--- WORK TASK ---
First find the line with "我的今日状态：😁轻松愉快", then reproduce it and all following lines of the data to the end, exactly and with no pictures, adding nothing.

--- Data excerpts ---
┄┄┄┄┄┄┄┄┄┄┄┄┄┄┄┄┄┄┄┄

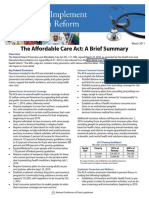 Obamacare PDF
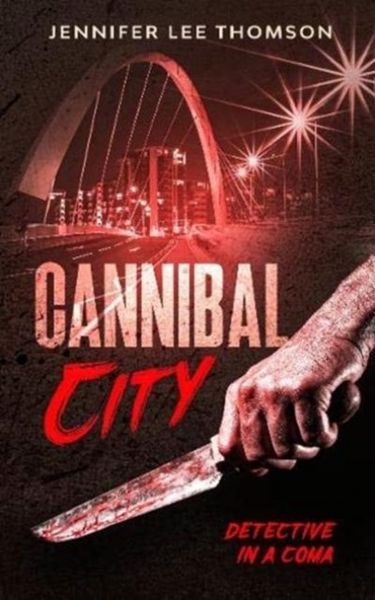 Produktbild: Cannibal City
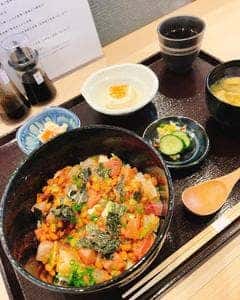 小料理 早和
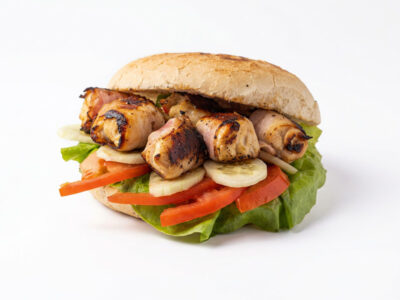 Chicken skewer Kod Raše 016 delivery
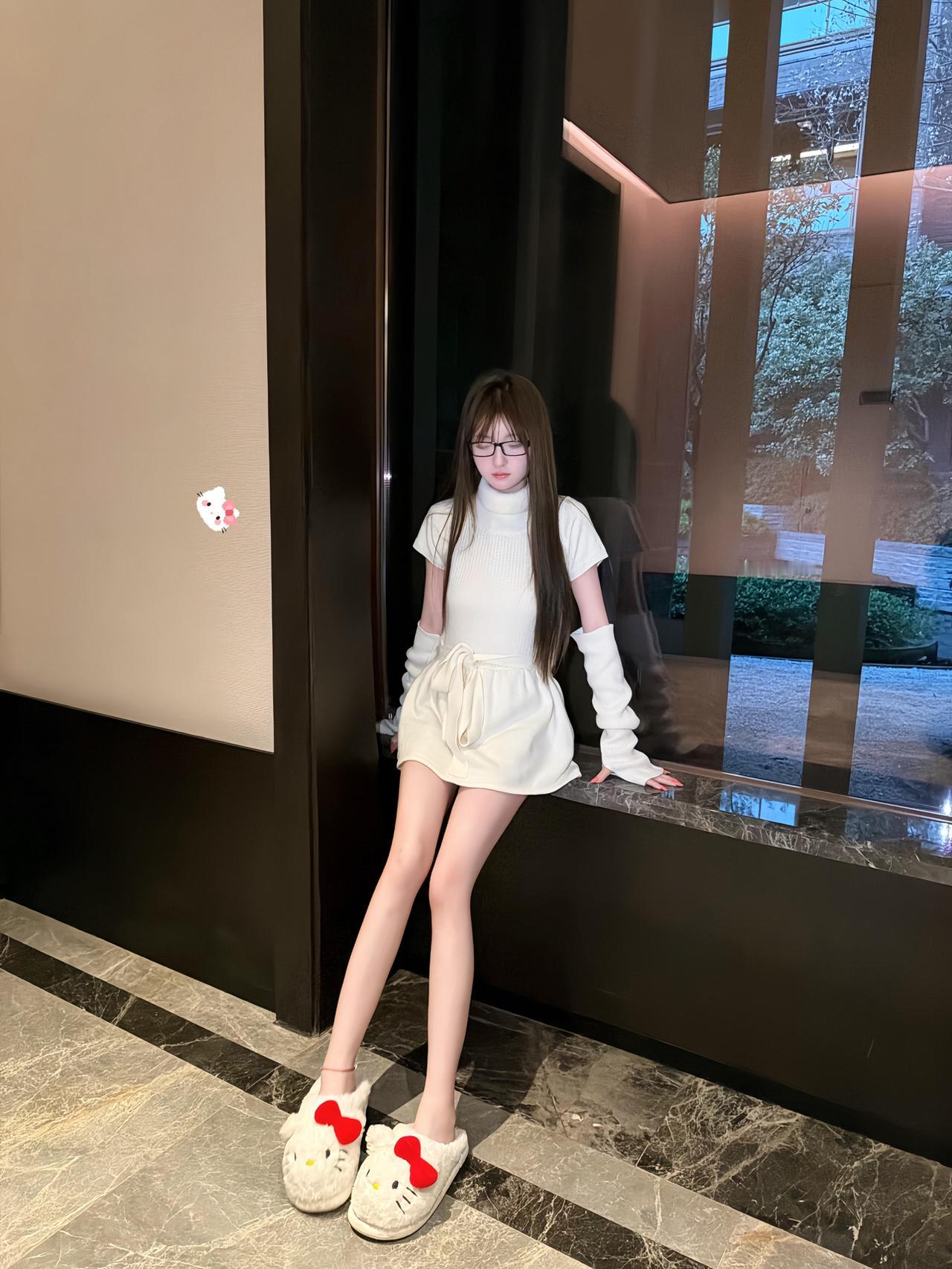 我的今日状态：😁轻松愉快
我这里的天气：☀️晴天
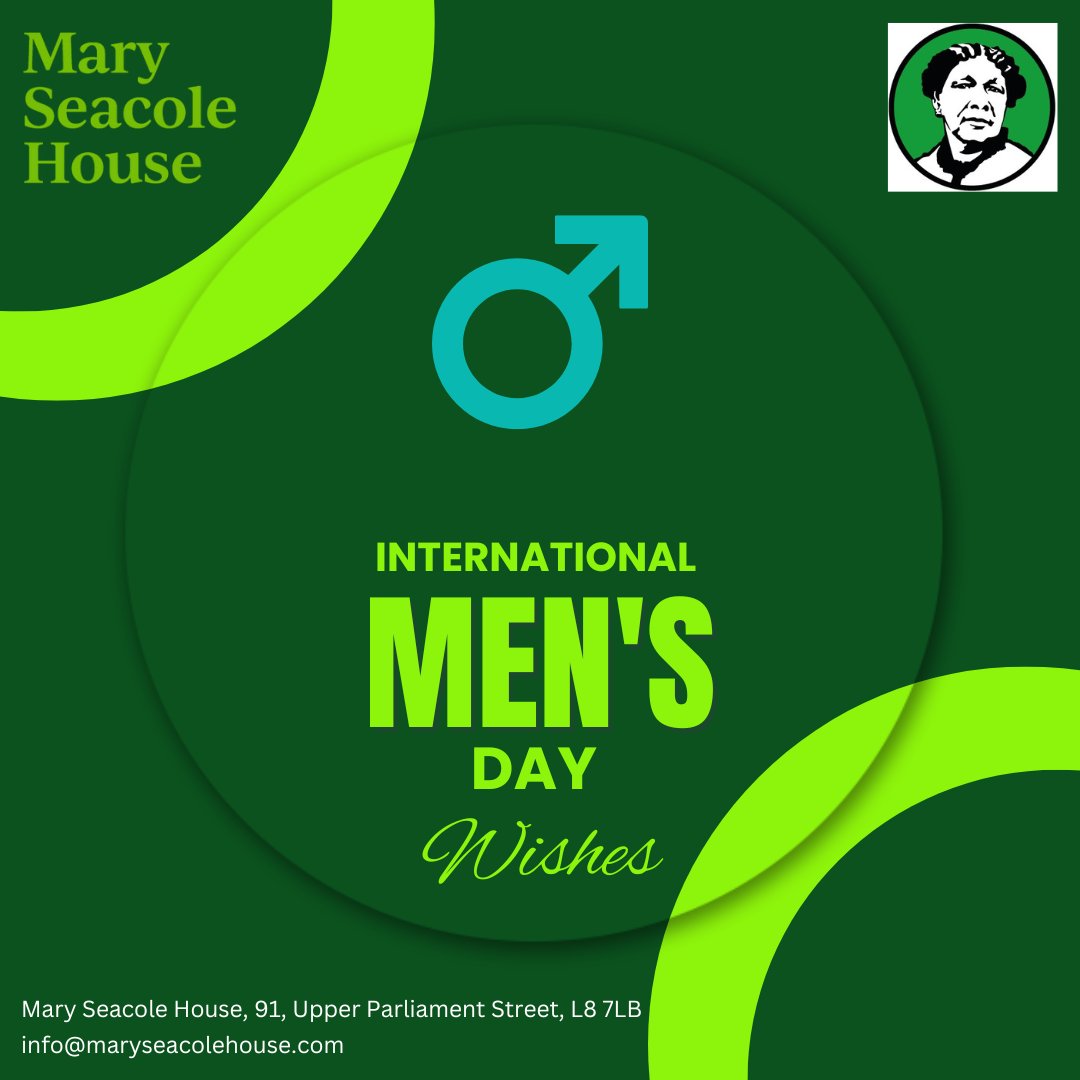 Mary Seacole House tweet media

┄┄┄┄┄┄┄┄┄┄┄┄┄┄┄┄┄┄┄┄

--- RESPONSE ---
 我的今日状态：😁轻松愉快
我这里的天气：☀️晴天
 Mary Seacole House tweet media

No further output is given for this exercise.